Entry Author: Shalyn Hopley
Golden Gray is the son of white Vera Louise Gray and black Henry LesTroy. Jazz is not really a story featuring Golden Gray, yet his presence in the story is potent. Golden Gray is the product of an illicit relationship between the daughter of a wealthy Colonel from Vesper County, Vera Louise, and “a Negro boy out from Vienna” (140). Golden Gray is conceived during one her rides with the boy out to the woods, and when Vera Louise tells her parents she is pregnant, wordlessly her family gives her money to “die, or live if you like, elsewhere”, disowning her and her child. Vera and one of the novel’s main character’s (Violet’s) grandmother, True Belle, a slave woman belonging to her family, go to Baltimore and raise the child.Golden Gray is an enigmatic presence in the novel, his real personality and significance hard to determine as he is described over and over by different characters, at times the narrator even restarting her tale of Golden Gray to rewrite what she has already written of him. Golden Gray is named Gray for his mother and the color of his eyes, and golden for his skin tone (139). He is raised as an adopted white child, rather than the son of a black slave and Vera, by Vera and True Belle and is said to be the “light of both their lives” (139). When Golden Gray is told the story of his mixed race heritage, he leaves home to meet and confront his father, Henry LesTroy. Yet on his way there, he happens upon a dark-skinned pregnant woman in the woods who he startles, her attempt to flee ending in her injury. He brings the unconscious woman to the house of his father, where she births the child she is carrying. When his father returns home, he helps Golden with the woman and quickly disarms Golden’s potentially murderous intentions, asking Golden Gray what he expected when he came to find his father (172). Instead, Golden Gray runs away with “Wild”, the woman. Wild is implied to be the mother of Joe Trace, Violet’s husband. Henry LesTroy becomes a father figure for Joe.
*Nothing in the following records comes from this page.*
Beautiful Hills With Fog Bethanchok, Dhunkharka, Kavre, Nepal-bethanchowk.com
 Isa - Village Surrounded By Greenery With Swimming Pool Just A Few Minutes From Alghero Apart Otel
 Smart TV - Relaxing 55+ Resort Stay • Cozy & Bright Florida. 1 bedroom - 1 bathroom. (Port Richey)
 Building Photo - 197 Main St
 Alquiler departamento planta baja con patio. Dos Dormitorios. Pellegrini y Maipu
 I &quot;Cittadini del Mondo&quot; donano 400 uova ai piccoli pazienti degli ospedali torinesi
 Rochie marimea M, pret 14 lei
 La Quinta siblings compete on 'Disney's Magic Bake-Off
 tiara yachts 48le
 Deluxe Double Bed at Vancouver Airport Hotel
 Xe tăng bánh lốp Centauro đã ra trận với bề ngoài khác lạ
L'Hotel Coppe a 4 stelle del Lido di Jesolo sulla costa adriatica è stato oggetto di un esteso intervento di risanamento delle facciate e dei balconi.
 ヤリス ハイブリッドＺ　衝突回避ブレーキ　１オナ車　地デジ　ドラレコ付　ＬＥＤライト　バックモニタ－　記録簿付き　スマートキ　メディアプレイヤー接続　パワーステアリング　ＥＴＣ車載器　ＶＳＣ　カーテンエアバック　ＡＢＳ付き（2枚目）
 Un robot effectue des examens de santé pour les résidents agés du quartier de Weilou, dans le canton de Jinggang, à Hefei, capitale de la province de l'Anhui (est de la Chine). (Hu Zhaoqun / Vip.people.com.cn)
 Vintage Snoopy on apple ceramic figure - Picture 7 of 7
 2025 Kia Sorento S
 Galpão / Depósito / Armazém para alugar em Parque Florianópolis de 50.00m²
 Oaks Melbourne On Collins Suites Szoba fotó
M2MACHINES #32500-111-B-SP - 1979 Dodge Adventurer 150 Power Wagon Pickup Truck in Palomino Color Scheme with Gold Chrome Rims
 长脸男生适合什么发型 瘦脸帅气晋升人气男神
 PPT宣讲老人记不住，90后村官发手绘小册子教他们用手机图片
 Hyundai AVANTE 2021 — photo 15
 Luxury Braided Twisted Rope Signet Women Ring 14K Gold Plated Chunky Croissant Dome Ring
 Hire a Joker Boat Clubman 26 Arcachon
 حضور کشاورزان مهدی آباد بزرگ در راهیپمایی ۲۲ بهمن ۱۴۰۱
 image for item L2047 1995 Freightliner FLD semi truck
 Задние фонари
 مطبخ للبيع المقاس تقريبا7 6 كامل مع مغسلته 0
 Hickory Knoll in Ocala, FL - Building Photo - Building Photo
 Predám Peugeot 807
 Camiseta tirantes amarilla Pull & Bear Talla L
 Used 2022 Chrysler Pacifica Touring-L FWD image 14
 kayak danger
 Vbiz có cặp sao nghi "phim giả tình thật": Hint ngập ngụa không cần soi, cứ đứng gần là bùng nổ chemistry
While the general content of Golden’s story remains the same, the narrator begins her tale of his venture to Virginia three times, only being satisfied the final time after berating herself for not seeing his motivations:
What was I thinking of? How could I have imagined him so poorly? Not noticed the hurt that was not linked to the color of his skin, or the blood that beat beneath it. But to some other thing that longed for authenticity, for a right to be in this place, effortlessly without needing to acquire a false face, a laughless grin, a talking posture. I have been careless and stupid and it infuriates me to discover (again) how unreliable I am. (160)
The narrator’s claims to know Golden Gray’s story are erased by this passage. She is unreliable, unable to know the true complexity of even this minor character.
Why is Golden Gray present in Jazz? He is connected to all these characters from the main plot, but his own story can at best be considered a supplement, and at worst a tangent. Yet his story is there, highlighting the complicated interwoven histories of the main characters and highlighting the unknowable nature of humanity and human love.